Valor: Quais são os outros desafios dessa operação?
Formigli: A geometria dos poços é um desafio, a logística também. Tudo aqui é desafiador, mas não temos indicação de que seja intransponível. A decisão vai ser entre custo (de cada poço) versus benefício. O sal é quase líquido, é preciso revestir e cimentar o poço. O perigo do sal é ele colapsar, ele incha e desmorona. O sal que existe lá embaixo (antes do reservatório) é uma rocha que, pelas condições de pressão e temperatura, é mais ou menos dura. Só que quando se perfura sem a geometria correta e os fluidos adequados, vai desmoronando. E precisamos decidir se serão horizontais, ligeiramente inclinados, com grande desvio ou verticais. É preciso definir a geometria para garantir a maior vazão possível. O ideal é sempre perfurar um número pequeno e ter uma vazão grande. Precisamos fazer simulações em computador.
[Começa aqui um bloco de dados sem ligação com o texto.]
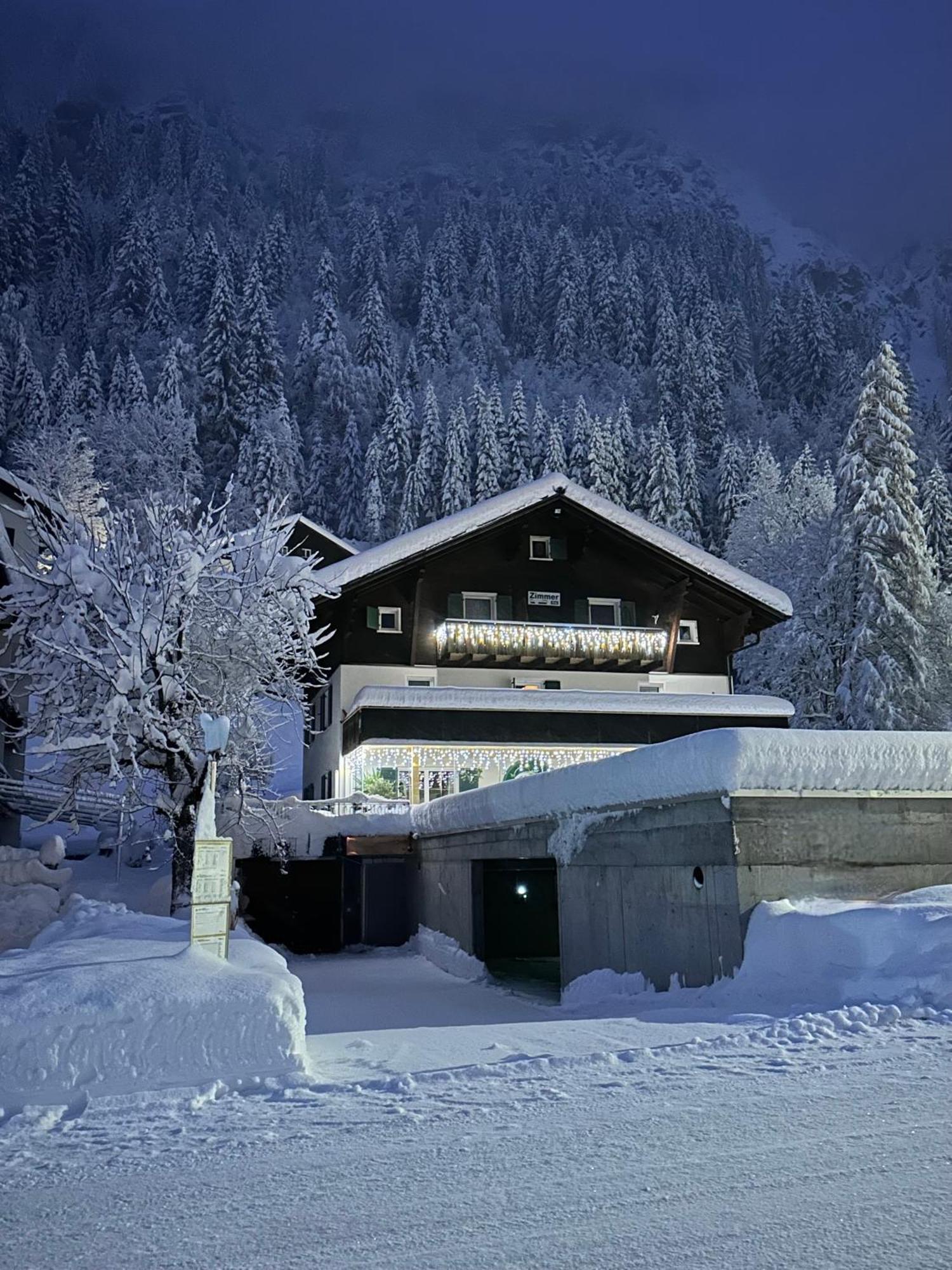 Haus Am Rain Bed and Breakfast Partenen Buitenkant foto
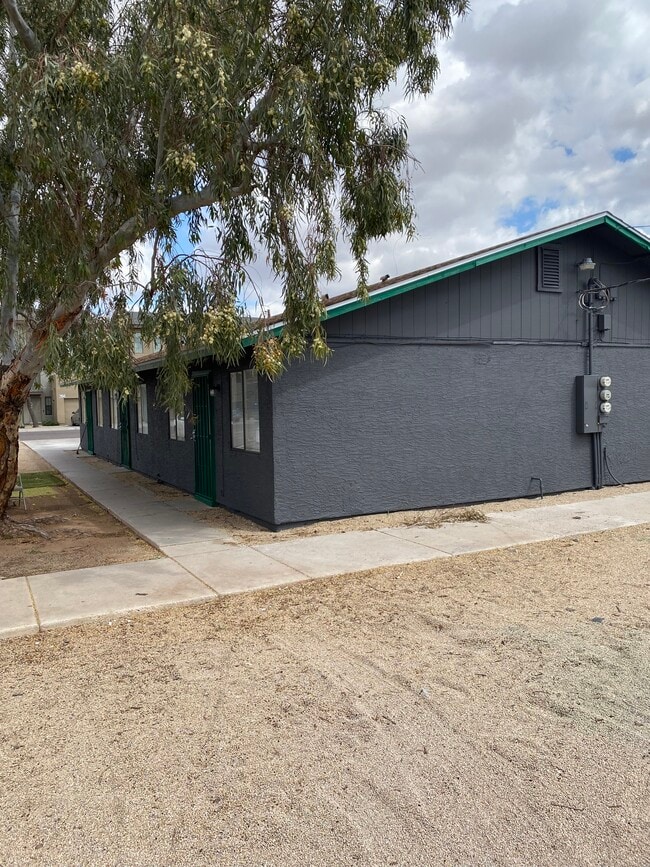 Photo - 2903 E Wier Ave Unit 3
Valor: Qual o melhor para Tupi?
Formigli: Em Tupi pode ser de um jeito ou de outro. O problema é decidir quanto vai custar uma ou outra alternativa e quanto a mais de produção vou ter nessa ou naquela. Nos arenitos da Bacia de Campos, a melhor solução é a (perfuração) horizontal. Fizemos dezenas de poços como esse no Parque das Baleias e o campo de Papa-Terra também vai ser assim. Tivemos uma curva de aprendizagem estupenda, reduzimos tempo de sonda e em função disso o custo dos poços tende a diminuir. Agora vamos testar no piloto os tipos de poços para ver qual deles vale a pena em termos de produtividade. A tecnologia existe e está ali, na prateleira. A jogada é botar tudo junto.
Valor: A dificuldade logística é por causa da distância da costa?
Formigli: O desafio é fazer o suprimento de sondas, plataformas, gente, diesel e comida. Para chegar às plataformas e sondas será preciso viajar até 2 horas helicóptero. E se der certo tudo o que estamos imaginando em termos de volumes, vamos ter vários pontos para atender. É preciso analisar a economicidade disso. O custo dessa logística é um negócio no qual temos que pensar desde o nascedouro. E o último desafio para fechar a conta é o escoamento do gás.
Valor: E o gás?
Formigli: Pelos volumes que imaginamos que a área poderá produzir, os gasodutos não são a única alternativa. Estamos avaliando plantas offshore de GNL. Já encomendamos alguns projetos, estudos, e percebemos que há viabilidade técnica. Falta calcular o potencial econômico.
Valor: Serão quantas plataformas na Bacia de Santos quando os campos do pré-sal estiverem em operação?
Formigli: Temos estimativas, estamos trabalhando cenários, mas não vamos torná-los públicos até decidir qual adotar. Será uma operação significativa, do porte da Bacia de Campos, onde devem estar umas 80 plataformas e sondas, fora os barcos de apoio.
Valor: As plataformas terão mesmo um novo desenho?
Formigli: Estamos avaliando plataformas do tipo TLP e as SPAR. As plataformas flutuantes (FPSOs) exigem muitas sondas de perfuração e equipamentos submarinos. E os sistemas como o SPAR, mais adequado para águas profundas, têm completação seca, as sondas estão em cima e podemos levar os poços até lá. Estamos estudando as duas alternativas.